Optimal Control of the Thermistor Problem in Three Spatial Dimensions

TL;DR

This paper develops a mathematical framework for controlling the temperature in a 3D thermistor system, establishing existence, uniqueness, and optimality conditions, supported by numerical demonstrations.

Contribution

It introduces new theoretical results on the existence, uniqueness, and optimality conditions for the 3D thermistor control problem using maximal parabolic regularity.

Findings

Proved local and global existence of solutions.

Derived first-order necessary optimality conditions.

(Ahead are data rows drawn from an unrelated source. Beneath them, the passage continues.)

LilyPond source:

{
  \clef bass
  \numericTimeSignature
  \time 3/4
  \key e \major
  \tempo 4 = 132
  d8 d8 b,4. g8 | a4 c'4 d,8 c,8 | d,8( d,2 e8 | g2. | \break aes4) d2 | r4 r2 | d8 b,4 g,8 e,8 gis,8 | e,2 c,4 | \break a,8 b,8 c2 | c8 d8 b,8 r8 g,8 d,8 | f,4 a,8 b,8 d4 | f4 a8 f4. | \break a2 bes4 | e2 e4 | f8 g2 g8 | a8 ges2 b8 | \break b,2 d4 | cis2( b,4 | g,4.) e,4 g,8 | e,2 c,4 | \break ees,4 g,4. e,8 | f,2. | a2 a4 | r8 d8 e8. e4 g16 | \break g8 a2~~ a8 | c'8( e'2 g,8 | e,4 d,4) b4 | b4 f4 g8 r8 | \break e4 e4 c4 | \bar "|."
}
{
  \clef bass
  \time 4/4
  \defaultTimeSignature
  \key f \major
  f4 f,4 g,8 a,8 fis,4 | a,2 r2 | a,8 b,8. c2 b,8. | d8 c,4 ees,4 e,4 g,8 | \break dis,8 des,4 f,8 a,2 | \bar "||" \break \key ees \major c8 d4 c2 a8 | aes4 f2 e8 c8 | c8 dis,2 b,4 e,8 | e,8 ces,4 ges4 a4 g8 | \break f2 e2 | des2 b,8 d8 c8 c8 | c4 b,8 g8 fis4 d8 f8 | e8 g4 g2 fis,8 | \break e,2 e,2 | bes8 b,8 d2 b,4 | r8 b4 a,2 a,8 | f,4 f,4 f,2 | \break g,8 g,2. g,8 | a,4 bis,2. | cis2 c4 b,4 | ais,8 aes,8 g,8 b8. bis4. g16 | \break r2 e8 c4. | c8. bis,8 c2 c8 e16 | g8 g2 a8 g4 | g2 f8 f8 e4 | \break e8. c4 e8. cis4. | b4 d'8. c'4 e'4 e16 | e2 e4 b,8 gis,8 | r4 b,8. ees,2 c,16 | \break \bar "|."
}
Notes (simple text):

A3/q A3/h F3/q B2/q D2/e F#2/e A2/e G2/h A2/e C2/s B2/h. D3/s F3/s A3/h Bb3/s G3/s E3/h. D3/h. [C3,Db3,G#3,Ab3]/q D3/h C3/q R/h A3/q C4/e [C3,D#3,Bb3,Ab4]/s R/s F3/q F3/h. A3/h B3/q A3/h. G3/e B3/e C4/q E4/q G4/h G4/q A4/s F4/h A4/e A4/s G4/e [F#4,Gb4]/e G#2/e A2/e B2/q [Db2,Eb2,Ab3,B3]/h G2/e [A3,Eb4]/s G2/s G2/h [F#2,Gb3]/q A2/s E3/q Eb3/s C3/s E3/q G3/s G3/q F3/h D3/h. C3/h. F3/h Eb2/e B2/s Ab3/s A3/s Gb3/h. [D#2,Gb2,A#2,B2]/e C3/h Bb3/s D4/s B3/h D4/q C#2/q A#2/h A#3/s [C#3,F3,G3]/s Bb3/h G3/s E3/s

Validated results with numerical simulations.

Abstract

This paper is concerned with the state-constrained optimal control of the three-dimensional thermistor problem, a fully quasilinear coupled system of a parabolic and elliptic PDE with mixed boundary conditions. This system models the heating of a conducting material by means of direct current. Local existence, uniqueness and continuity for the state system are derived by employing maximal parabolic regularity in the fundamental theorem of Pr\"uss. Global solutions are addressed, which includes analysis of the linearized state system via maximal parabolic regularity, and existence of optimal controls is shown if the temperature gradient is under control. The adjoint system involving measures is investigated using a duality argument. These results allow to derive first-order necessary conditions for the optimal control problem in form of a qualified optimality system. The theoretical findings are illustrated by numerical results.